多くのアメリカ人はニュースメディアを信用していない。批判的思考で既存のニュースメディアをチェックしてみれば、必ずどこかに瑕疵が見つかる。そこからニュースメディアを信用できないものと考え、「真実」を求め、見つけて自らメディアを作り出す(それを勧める教育者は多い)。

ネット世論操作によって人々を操ることは簡単である。ニュースメディアの信用を失わせて無効化すると、人々はメディアを信用せずに自分で「真実」を探し出した人を信じるようになる。かつて自閉症とワクチン接種の関係について、科学的な根拠がないことを多くのメディアが報じるほど、人々は「裏になにかある」と疑うようになった。これを「ブーメラン効果」と呼ぶ。ピザゲートも同様である。

また、自殺の報道のように自粛されるものもある。自殺の報道を行うとさらに自殺を誘発するリスクがあるためだ。

・ではどうすればよいのか?
騙されないための抗体を作ることが重要とボイド氏は考えている。まず、感情と距離を置いて、なにを言わんとしているかを理解する。その主張がどこから来ているのか(資金源や裏の事情)を知るよりも、世界観を理解し、それに従って解釈してみて問題点を見つける。非常に難しいことだが、大事なことである。

情報がまとまっていない時のギャップを埋める時の方法も重要である。自分がどのような情報を受け入れ、どのような情報を拒絶しているのかを知ることはコミュニケーションの偏りを明らかにしてくれる。

つまりボイド氏が勧めているアプローチは、既存のメディアの偏りや問題を認識することよりも、自分自身の偏りや問題を認識することに重きをおいている。自分の見ている社会がどのような世界観で構築されているかを認識することもまた重要なメディア・リテラシーなのである。

我々の世界は複雑さの度合いを増しており、教育は人々を導く重要な役割を負っている。情報が兵器化されている今の世界では、情報に疑問やギャップを感じた時に、その回答をもたらす世界観がいくつもあり、ネット世論操作のツールとなっている。安易に批判的思考や情報源の信頼性の確認を優先すると、ネット世論操作の罠にはまることになる。

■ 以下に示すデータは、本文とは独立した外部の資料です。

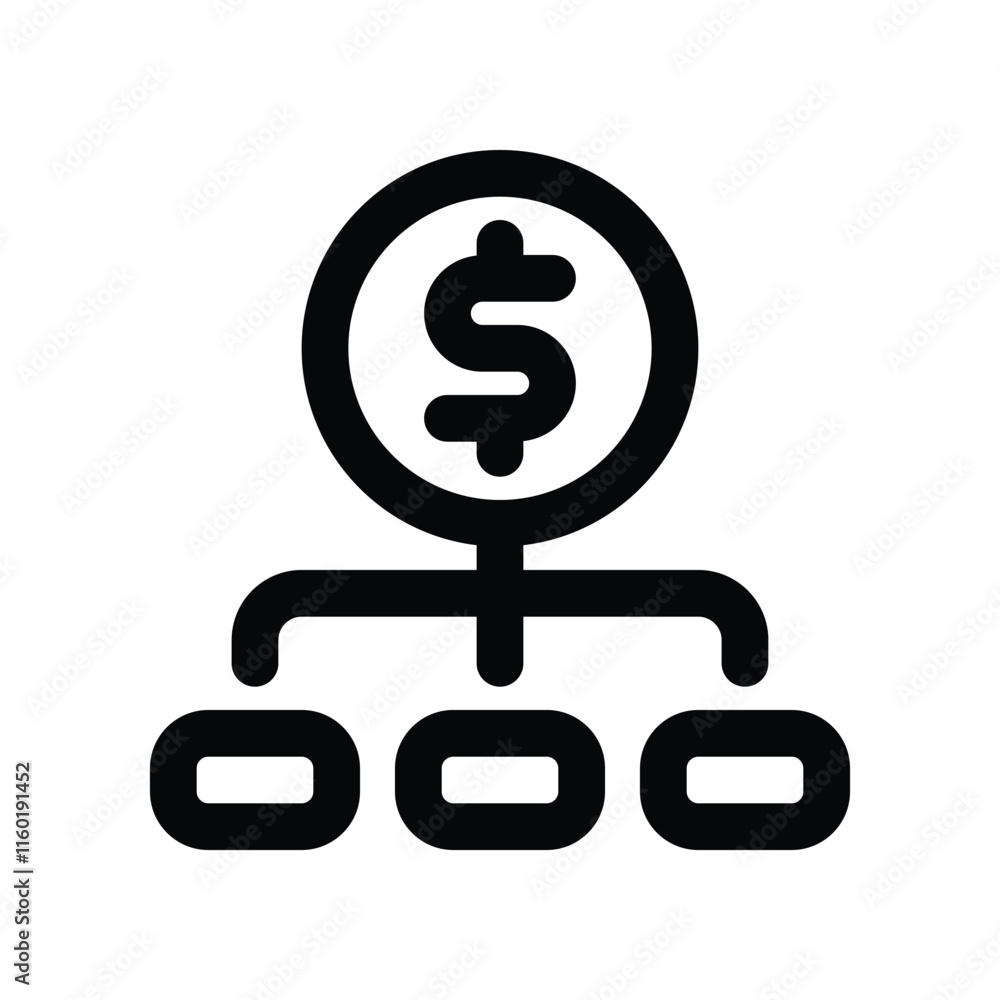 budget allocation icon. vector line icon for your website, mobile, presentation, and logo design. budget allocation icon. vector line icon for your website, mobile, presentation, and logo design.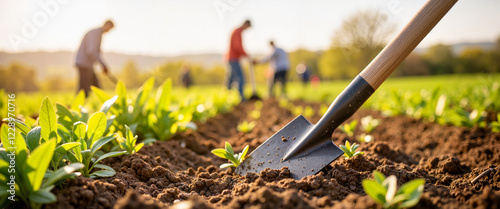 Garden hoe in spring farm field during warm morning, agricultural labor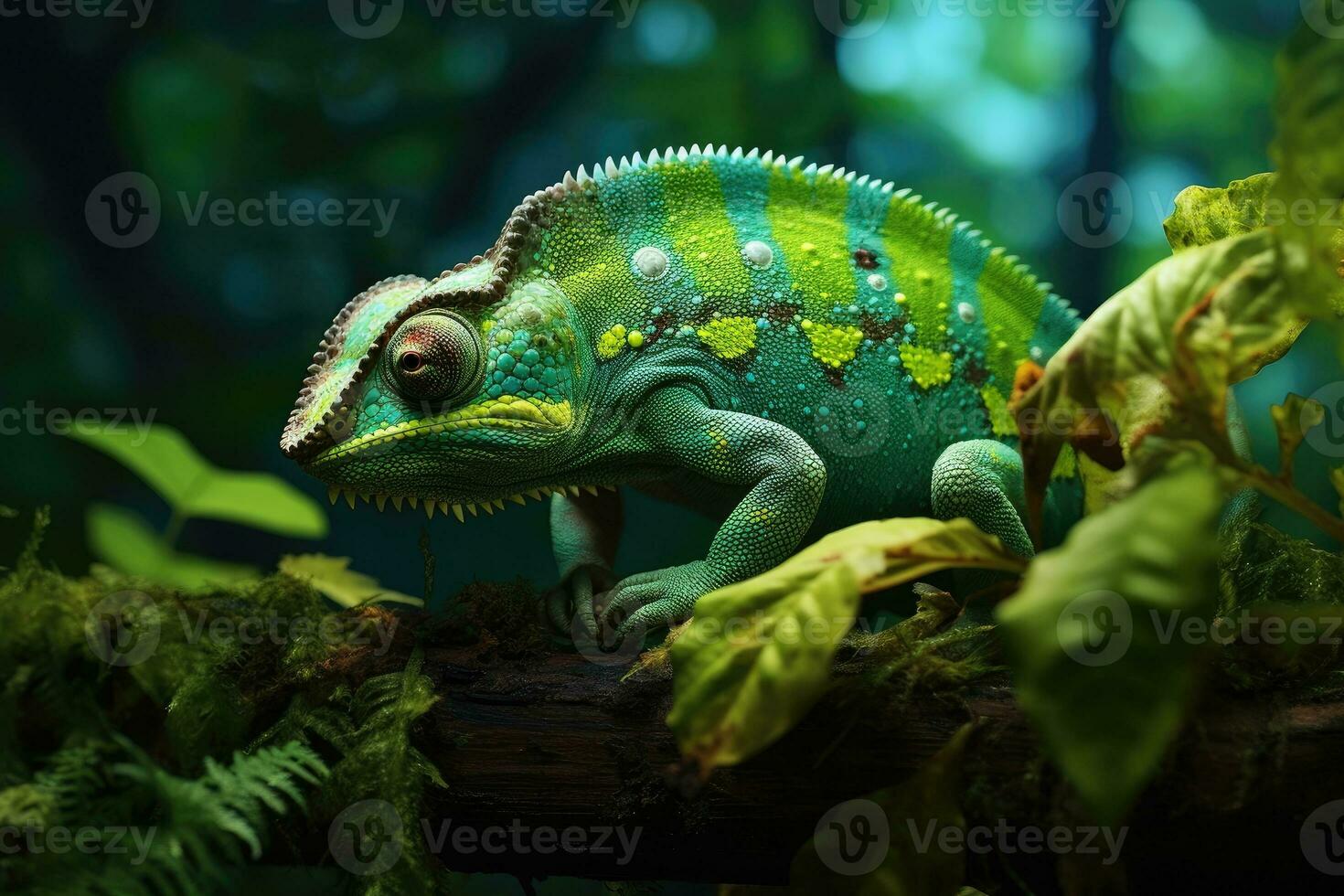 AI generated Incredibly cute colorful chameleon lizard on the green tree. Ai generated. photo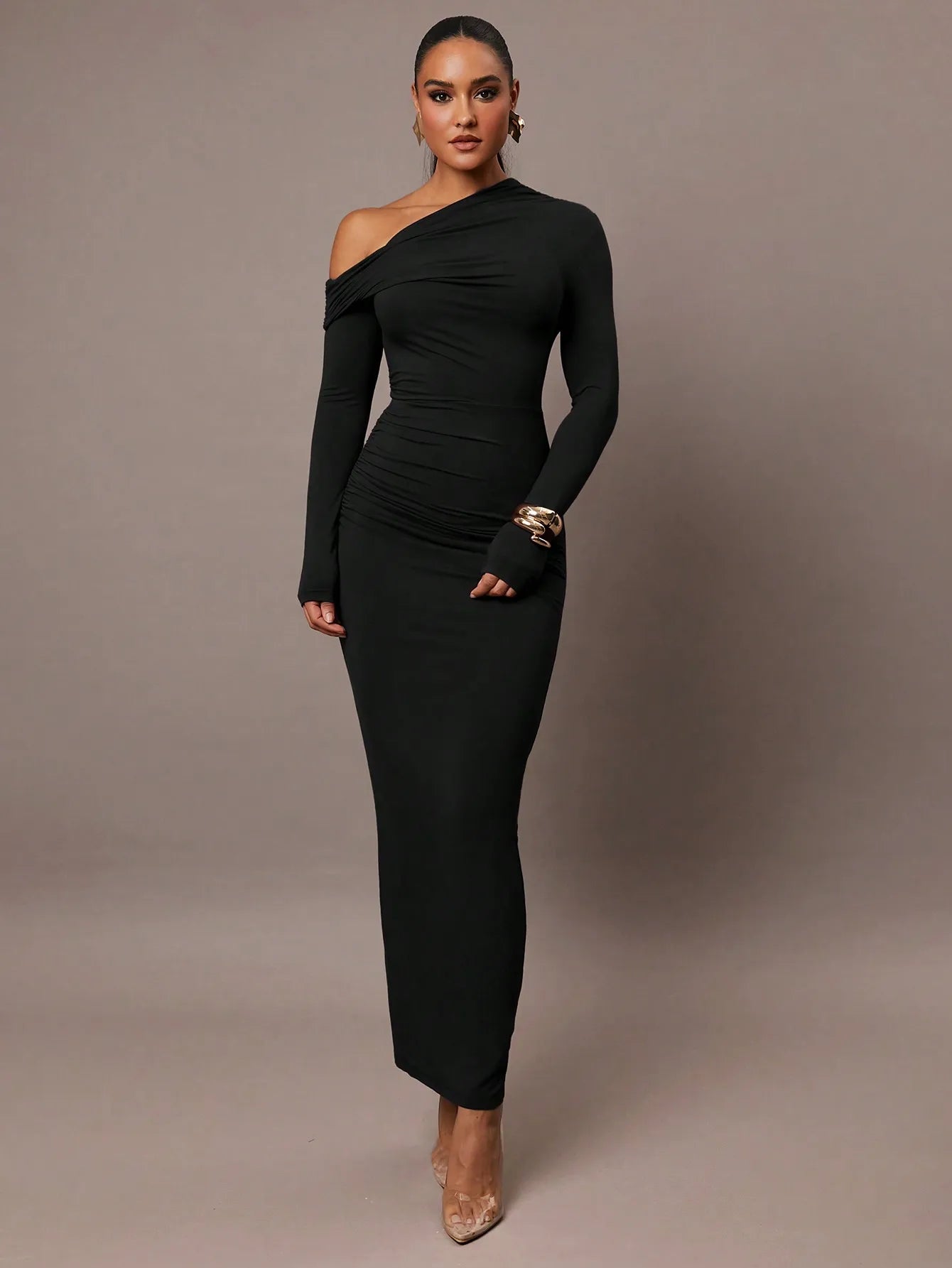 Solid Color Stretch Knitted, Sloping Shoulder Collar, Romantic Date, Autumn And Winter Bottoming Knitted Dress,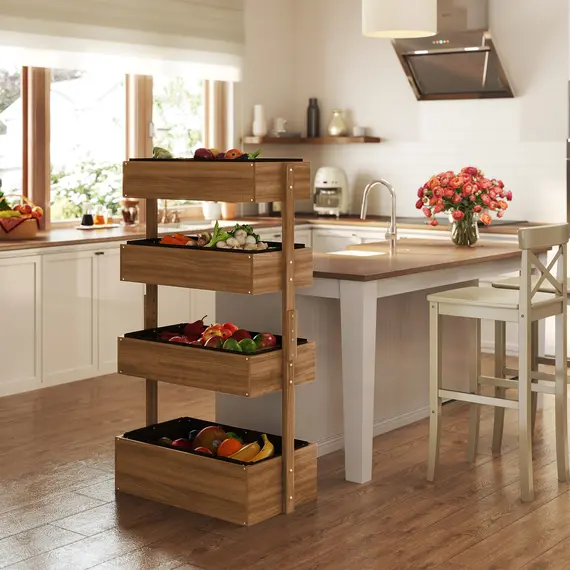 Buy Four-Tier Basket Wooden Plant Stand - Orange, 8 image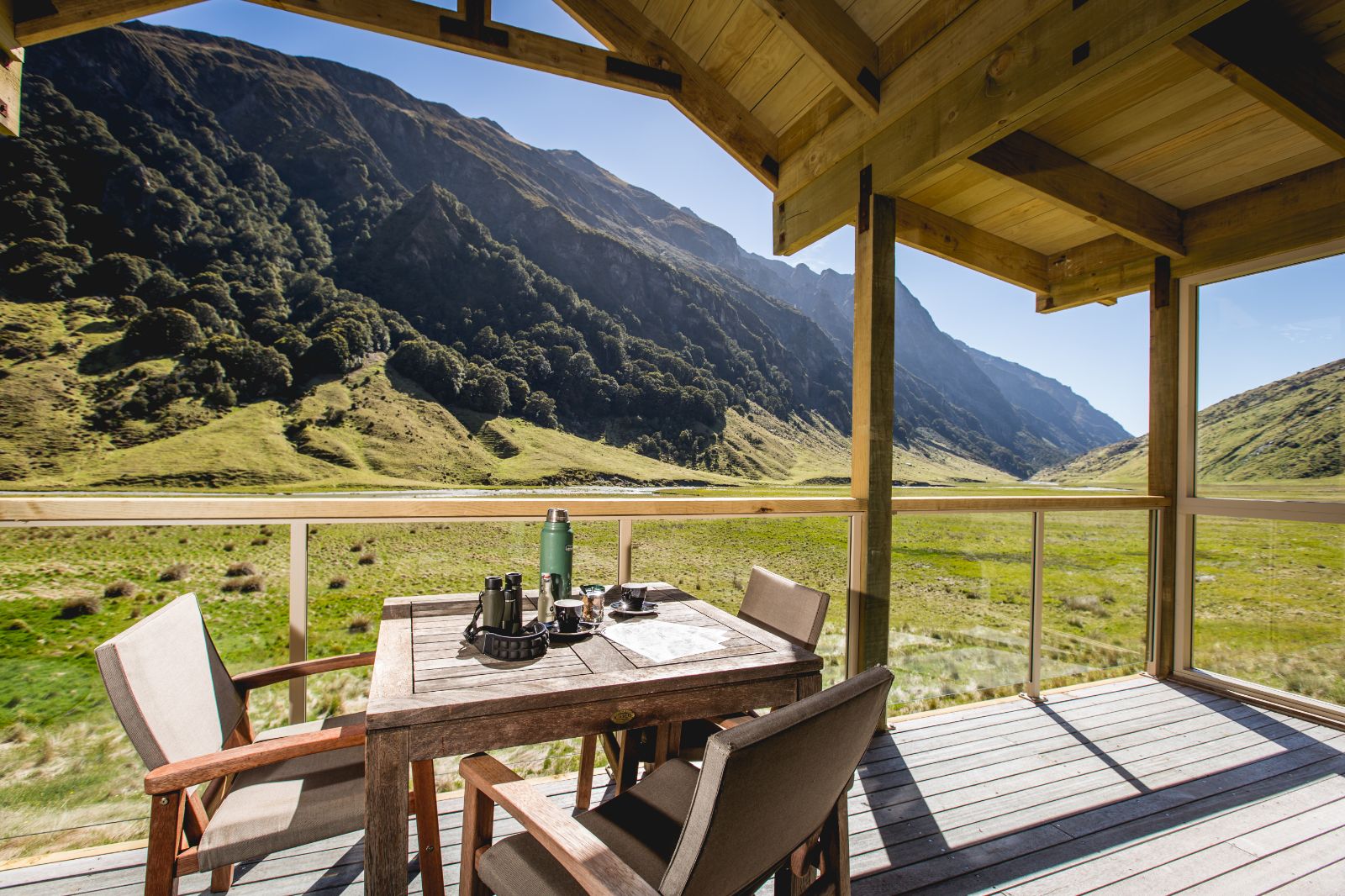 deck seating area and view of Minaret Station grounds on New Zealand's South Island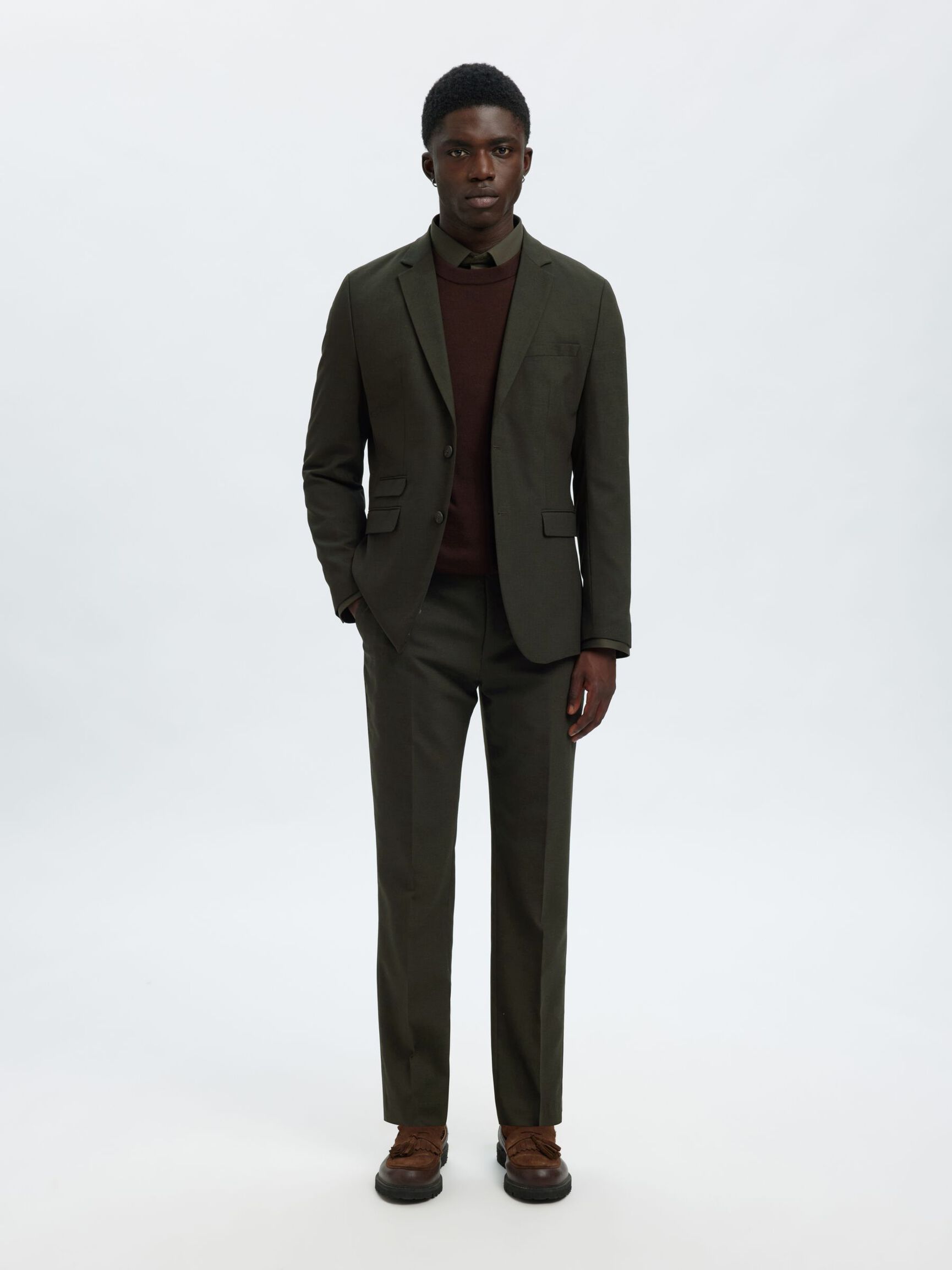 WOVEN WOOL BLEND BLAZER, Dark Green, highres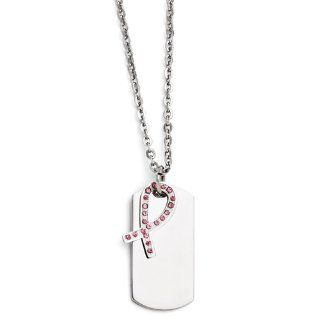New Genuine Chisel Stainless Steel Dog Tag with Pink CZ Awareness Ribbon Necklace Vishal Jewelry Jewelry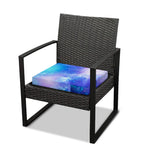 Blue Light Nebula Galaxy Space Print Outdoor Seat Cushion Cover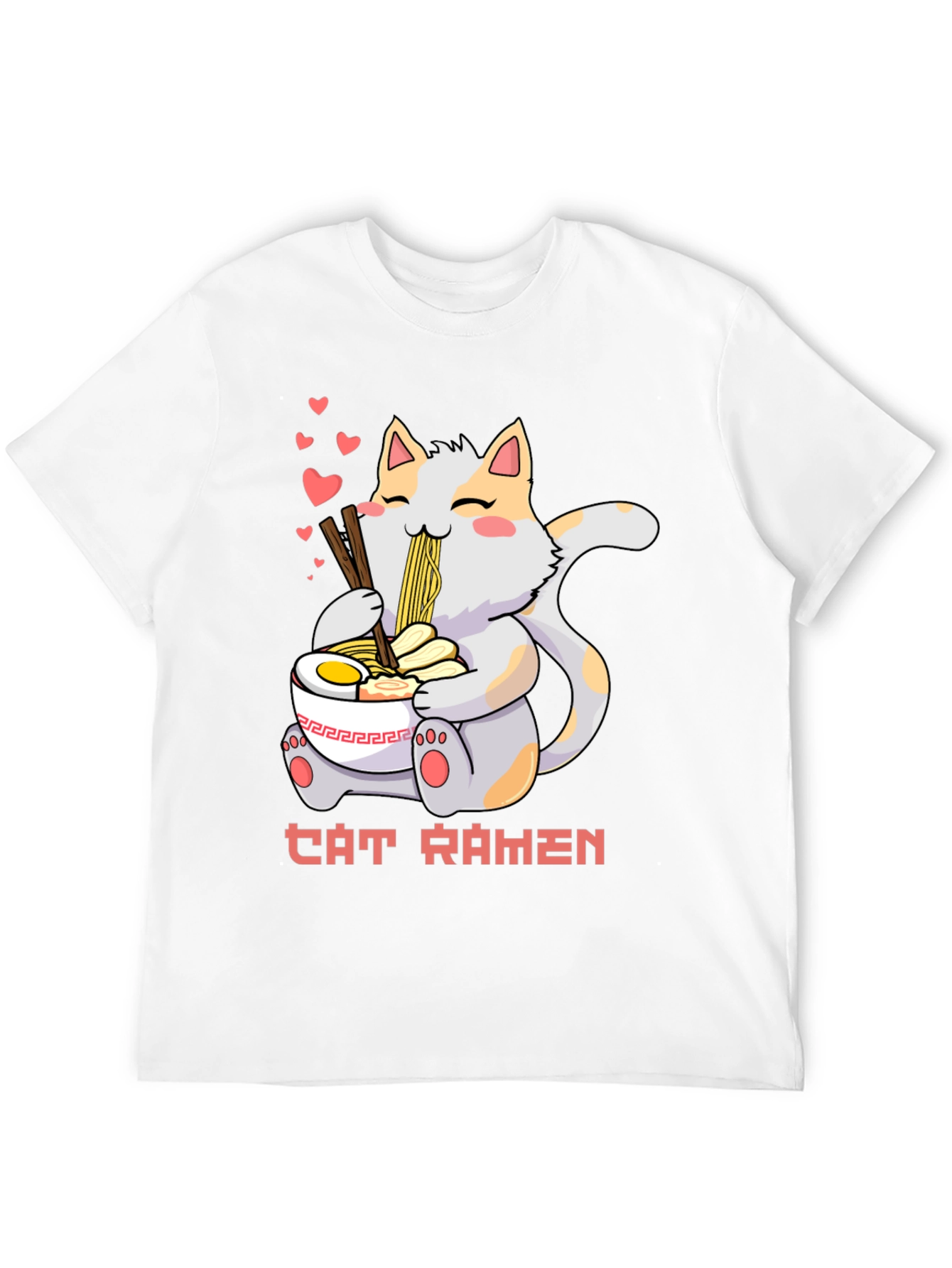Cat Ramen Graphic Tee - Kawaii Style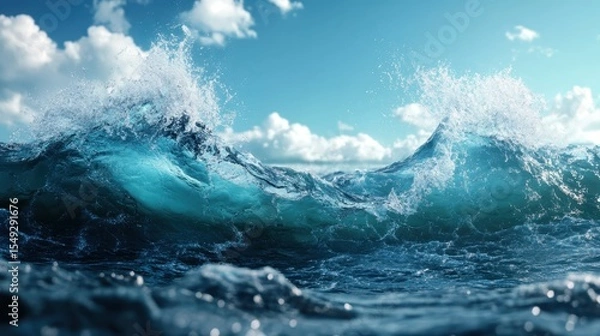 Fototapeta A mesmerizing view of serene waves crashing gently under a bright blue sky, inviting relaxation and tranquility while showcasing the beauty of nature's coastal landscapes.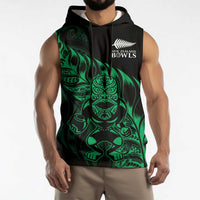 New Zealand Lawn Bowls Custom Sleeveless Hoodie Green Maori Warrior Tribal Silver Fern - Polynesian Pride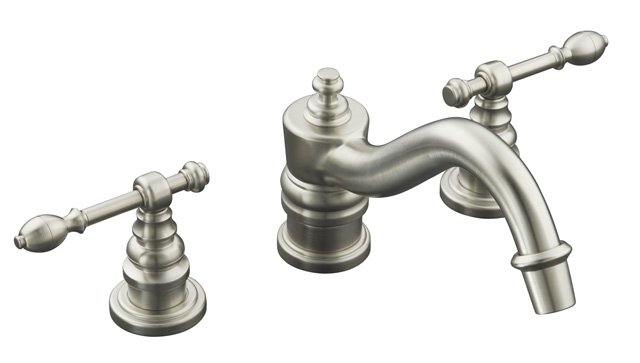Kohler K-T6906-4-BN; IV Georges Brass (R) deck-mount high-flow bath faucet trim with lever handles valve not included; in Vibrant Brushed Nickel; Discontinued Product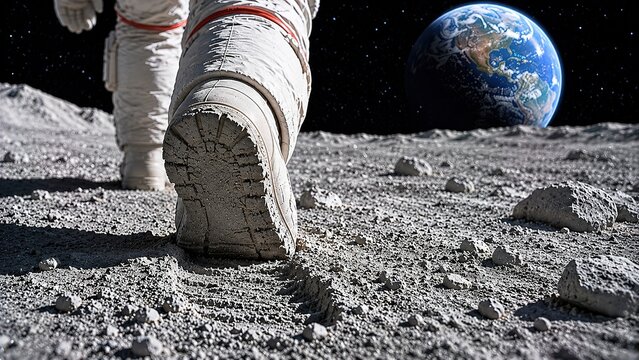 Astronaut walking on moon surface outer space high-resolution image cosmic environment close-up view space exploration concept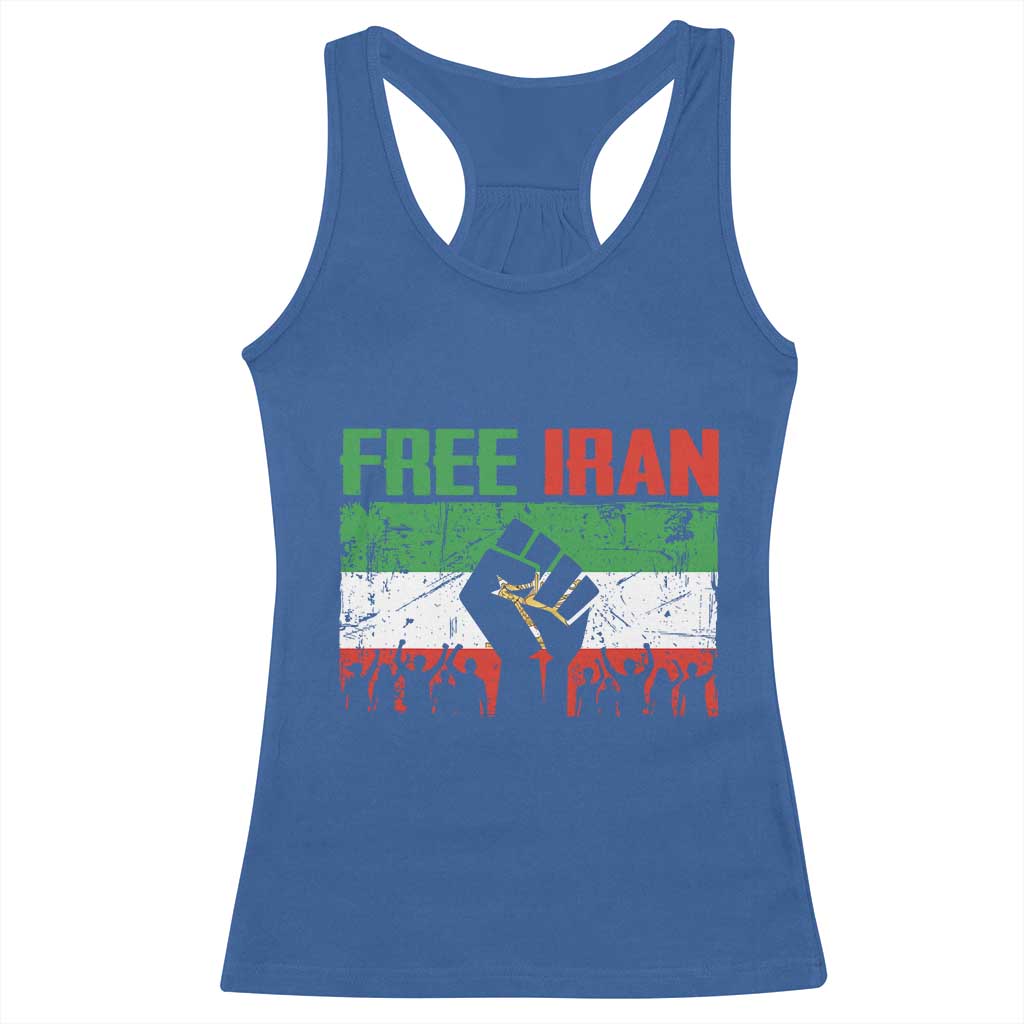 Free Iran Flag Racerback Tank Top Support Iranian Freedom No War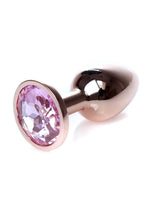 Bossoftoys - 64-00108 - Unique Colour - Rose Gold Anal Plug - Gold Plug with Rose stone - length 7 CM - Dia 2,7 CM - colour window box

重要なのは批判的思考=事実を峻別する方法や情報源を評価する方法よりも、自分自身の世界観を理解すること、そしてネットで流布する世界観と、それがどのように構築されたかを理解することである。

・感想
私は以前からデータ&ソサイエティ研究所のレポートに注目してきた。同じテーマを扱っても他とは違う視点、それも根本に立ち返って問題を見直す試みがなされている点がとても参考になった。今回のスピーチもメディア・リテラシーが直面している課題を、かなり根本的なところから解き明かしてくれたと考えている。

批判的思考や情報源の信頼度の確認は重要ではあるが、諸刃の刃でネット世論操作に利用される危険もあると感じていたが、うまく頭の中で整理できていなかった。そのもやもやをうまく整理されていてよい勉強になった。

ファクトチェックを取り巻く課題についてはシリーズでまとめています。こちらのマガジンをご覧ください。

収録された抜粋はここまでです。